Peter and the GLA have taken a robust approach to this, firstly not pulling any personal data, and secondly by consulting with data ethics specialists in academia. This is a new world and warrants caution, but it seems that the most sensitive data is already out there and is not being shared anew.
In the end, this isn’t a story about an underlying technology. It’s about how systems shift and shape around them. People get very excited about the all new technology… the 3D, 4D, 5D, 6D, 7D model… but it’s actually about what that model allows you to do differently.

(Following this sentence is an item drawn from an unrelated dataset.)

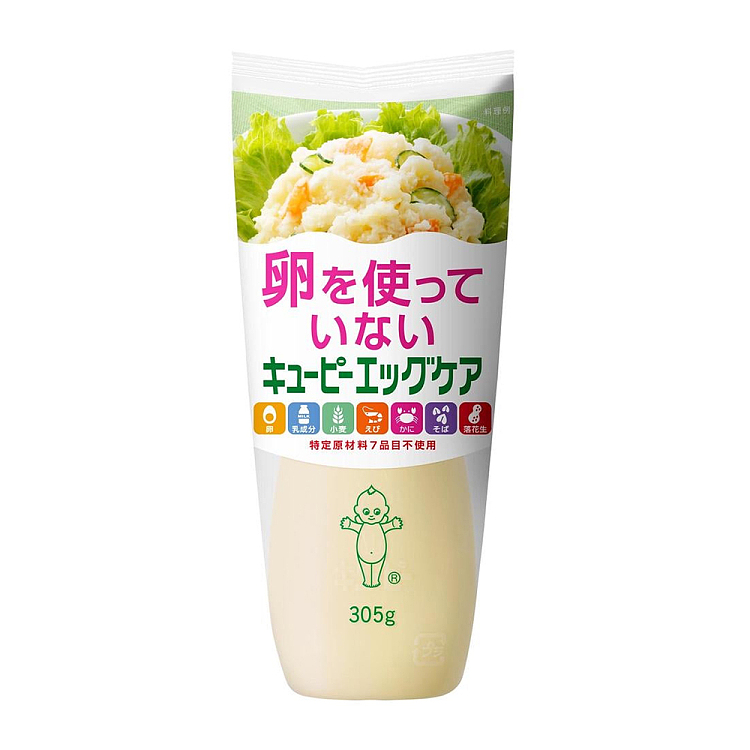 kewpie-eggless-mayonnaise-305g-1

Will concludes, “There’s an example on the national underground asset register project that we’re working on about. And this is a project that seeks to connect all of the underground asset networks of the country together so that when people are out digging for your pipes outside your house, they don’t hit a hidden gas main. Now, there’s a big part about data and technology to all of that. There’s also a big part about what does that do to the business process of the guy on site? He’s not looking at paper anymore. He’s looking at a piece of technology. How does that change the sort of skills you need in that workforce, the sort of people who will work on these projects, the sort of things these will look at and maybe find exciting, the impact of what you use the digital twin for and how it affects the world of today is often the most important part of this and the Planning London Data hub is a nice example of this, we were talking about rewiring a system that has been defined through legislation through the decades, but hasn’t really realised the benefit of modern technology. And this is the exact same case with the National Underground Asset Register project, the men and women who are outside conducting works on pipes outside your home, are not necessarily harnessing the latest and greatest technology. It’s how we change these processes that affect the built environment through the medium of digital twins, that excites me.”